Project

General

Profile

Bug #3294

transaction: refactor callref allocation

Added by fixeria over 1 year ago. Updated 2 months ago.

Status:
Stalled
Priority:
High
Assignee:
Category:
-
Target version:
-
Start date:
05/26/2018
Due date:
% Done:

0%

Resolution:

Description

Each transaction has a field called 'callref', that should contain an unique identifier. This identifier is being assigned either by OsmoMSC itself, either by an external application (e.g. LCR), and is used to distinguish between multiple allocated transactions.

In case of a new callref generation on the MSC side, there are the following sources for that:

$ git grep "static uint32_t new_callref" 

src/libmsc/gsm_04_08.c:static uint32_t new_callref = 0x80000001;
src/libmsc/gsm_04_11.c:static uint32_t new_callref = 0x40000001;
src/libmsc/mncc_builtin.c:static uint32_t new_callref = 0x00000001;

So, we have a few ranges for different types of communication:

- from 0x00000001 to 0x40000000 - Call Control, internal MNCC;
- from 0x40000001 to 0x80000000 - SMS messages;
- from 0x80000001 to 0xffffffff - Call Control, external MNCC;

And this is how a new 'callref' value is generated:

new_callref++

I see the following problems:

1) Imagine that we have a network, which is running for some long time. What if the amount of calls ever made would reach 0x40000000? The next values will be 0x40000001, 0x40000002, 0x40000003, etc.
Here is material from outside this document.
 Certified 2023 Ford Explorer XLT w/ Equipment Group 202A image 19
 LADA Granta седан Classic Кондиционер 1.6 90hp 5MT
At some point, this may result into collisions, e.g. two transactions with same 'callref' value.

Possible solution: instead of doing `new_callref++` manually, create a function (e.g. trans_gen_ref), which would prevent overlaps between ranges, and flush the source to initial value.

2) The trans_alloc(), which is used to allocate a new transactions, doesn't check if passed 'callref' value is not used. In other words, it is possible to allocate a few transactions with not unique 'callref'. In this case the trans_find_by_callref() would work incorrectly.

Possible solution: before allocation, check if given 'callref' is already used.

3) The 'callref' as a field name itself looks/sounds like something call related, while this feature will be also used as soon as we implement SMS and SS/USSD over GSUP. It would be better to rename it to something more generic, e.g. just 'ref'.

4) Both sides, i.e. MSC and an external application, are involved in 'callref' generation. There is no master-slave relation... This may result in a situation, when an external application asks to allocate a new transaction with 'callref', which is already used.

Possible solution: inspire by GSM TS 04.07, section 11.2.3 "Transaction identifier" and introduce the direction bit. Probably, this can be a bit simplified, e.g. '0' means allocated by the MSC itself, '1' - by an external application.


Related issues

Related to OsmoNITB - Feature #1667: Handle callref betterNew03/22/2016

Related to OsmoMSC - Feature #2487: MSC side of LCLS (local call local switching) as per the 3GPP specsStalled09/03/2017

History

#1 Updated by laforge over 1 year ago

  • Assignee set to stsp

#2 Updated by fixeria over 1 year ago

  • Category set to SS/USSD
  • Status changed from New to Stalled
  • Priority changed from Normal to High

#3 Updated by fixeria over 1 year ago

  • Category deleted (SS/USSD)

#4 Updated by fixeria about 1 year ago

#5 Updated by msuraev 11 months ago

  • Related to Feature #2487: MSC side of LCLS (local call local switching) as per the 3GPP specs added

#6 Updated by msuraev 11 months ago

On a related note: CallRef is sent as part of LCLS-related config to BSC where it's used to match related call legs. Current allocation scheme makes it hard because of the different prefixes used by CC and MNCC code. I've worked around this by dropping prefix byte and using remainder for LCLS but it's a race-prone hack. When fixing this we should definitely take LCLS into consideration.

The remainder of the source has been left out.